Dismissal at work is when your employer ends your contract of employment.  The law provides protection from some forms of dismissal, and requires your employer to follow certain processes when sacking employees.

What are fair reasons for dismissal?

There are a number of reasons for dismissal:


What is Unfair Dismissal?

Unfair dismissal is where an employer dismisses an employee who has more than 2 years’ service without a potentially fair reason to dismiss and without following a fair procedure before deciding to dismiss them.  Sometimes, employees can claim unfair dismissal with less than 2 years’ service, but this depends on the circumstances.

What is Misconduct?

Conduct is a potentially fair reason for dismissal.  Misconduct means any behaviour by the employee that the employer was unhappy with. It can be a single act of misconduct or a series of less serious acts. It could include disobeying reasonable management instructions, theft/dishonesty, violence at work, unauthorised absence, poor attendance.

What are Capability & Performance issues?

Capability is a potential fair reason for dismissal.  It covers capability in terms of health/fitness, and also capability in terms of performance, skill, aptitude and so on.  In either case it means capability for doing the job in question. Capability in terms of health can run into disability discrimination related issues but can mean being off sick and unable to return to work in a reasonable time.  Performance means things like failure to meet targets, not having the required qualifications, or failing exams.

What is Redundancy?

Redundancy potentially means several things:

  • where the employer stops, or plans to stop, carrying on the business in which the employee was employed – i.e. intends to close the business completely.
  • where the employer stops or plans to stop carrying on the business in the place where the employee works – i.e. closure of the employee’s workplace
  • where the employer has a reduced requirement for employees to do the job in question at the place the employee is employed to do it – i.e. a reduced requirement for the particular number of employees to do the job in question

What are Legality reasons for dismissal?

It is potentially fair to dismiss an employee where to continue to employ them would contravene a statutory restriction.  For instance, it would be illegal to employ someone who didn’t have the right to work in the UK because they don’t have the correct immigration status to entitle them to work.  The employer could fairly dismiss someone in those circumstances.

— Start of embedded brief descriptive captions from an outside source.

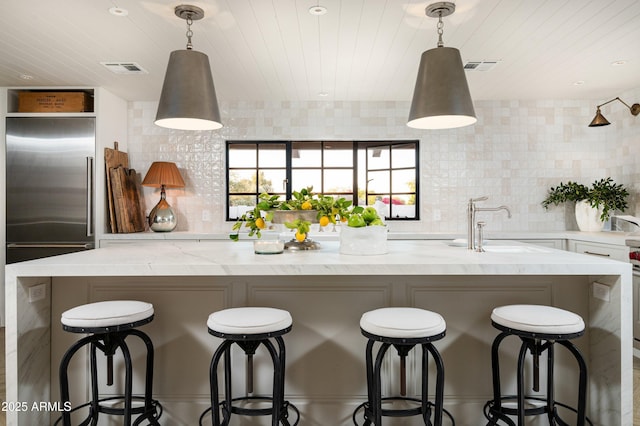 kitchen with decorative backsplash, a breakfast bar, a kitchen island with sink, and hanging light fixtures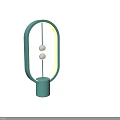 Two Turquoise Oval Shaped Table Lamps With Yellow Light And Silver Spherical Decorations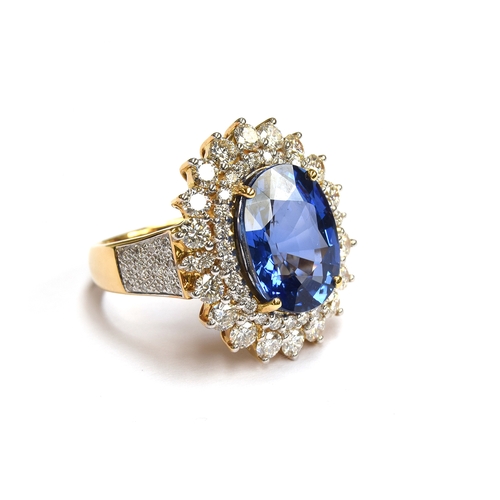 31 - An 18ct gold sapphire and diamond cluster ring, the large Sri Lankan sapphire 14x10mm weighing appro... 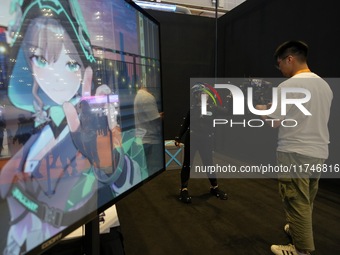 A staff member demonstrates full-body motion capture technology at the 7th CIIE in Shanghai, China, on November 6, 2024. (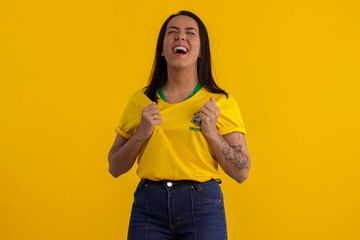 Young beautiful woman in shirt with the yellow color of Brazil in studio photo with various...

Gross misconduct can result in instant dismissal.

What is an SOSR?

“SOSR” is the catch all – it’s potentially fair to dismiss an employee where there is some other substantial reason that could justify the dismissal of an employee in the employee’s position.

Is Dismissal the same as being fired or sacked?

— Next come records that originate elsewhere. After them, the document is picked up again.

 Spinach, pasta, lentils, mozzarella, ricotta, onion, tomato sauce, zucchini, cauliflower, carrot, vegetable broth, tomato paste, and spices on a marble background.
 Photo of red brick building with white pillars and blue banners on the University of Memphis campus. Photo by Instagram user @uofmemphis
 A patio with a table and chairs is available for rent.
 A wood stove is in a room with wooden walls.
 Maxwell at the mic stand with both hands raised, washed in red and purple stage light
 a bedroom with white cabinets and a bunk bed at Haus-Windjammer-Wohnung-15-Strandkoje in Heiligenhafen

Yes, it’s just the formal term that’s used in employment legislation such as the Employment Rights Act 1996.

What is Gross Misconduct?

Gross misconduct is very serious misconduct that could lead to dismissal, with or without notice (summary dismissal) for a single offence.  Gross misconduct offences include theft, violence, sexual harassment, or a series of less serious misconduct offences. The employer’s disciplinary process should set out the offences they regard as gross misconduct – this will tend to vary between different employers/types of business.

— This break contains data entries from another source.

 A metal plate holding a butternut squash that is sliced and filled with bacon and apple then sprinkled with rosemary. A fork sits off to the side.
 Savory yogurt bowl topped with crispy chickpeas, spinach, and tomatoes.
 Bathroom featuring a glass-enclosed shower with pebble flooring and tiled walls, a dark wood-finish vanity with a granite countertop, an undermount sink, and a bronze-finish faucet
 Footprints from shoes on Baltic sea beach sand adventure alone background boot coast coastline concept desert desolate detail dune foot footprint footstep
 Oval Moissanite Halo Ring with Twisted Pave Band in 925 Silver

Can I be sacked without a written warning?

Yes, your employer can always sack you – the question is whether it is fair or not.  It depends on the seriousness of any misconduct as to whether it’s fair to dismiss you without a prior written warning having been issued.  The employer’s disciplinary process should set out the potential sanctions and when they would usually be imposed.

What is Constructive Dismissal?

Constructive dismissal is where an employee resigns in response to something their employer has done to them which is regarded as a really serious breach of the employee’s contract of employment.  It’s not where an employer dismisses an employee, that’s a common misconception.  If your employer treats you really badly, say they remove your duties and responsibilities without consultation, then you may be being constructively dismissed.

Don’t resign before getting advice though – constructive dismissal is really hard to prove, particularly without an attached discrimination claim or other type of claim – and it’s important to go through the right steps before actually resigning.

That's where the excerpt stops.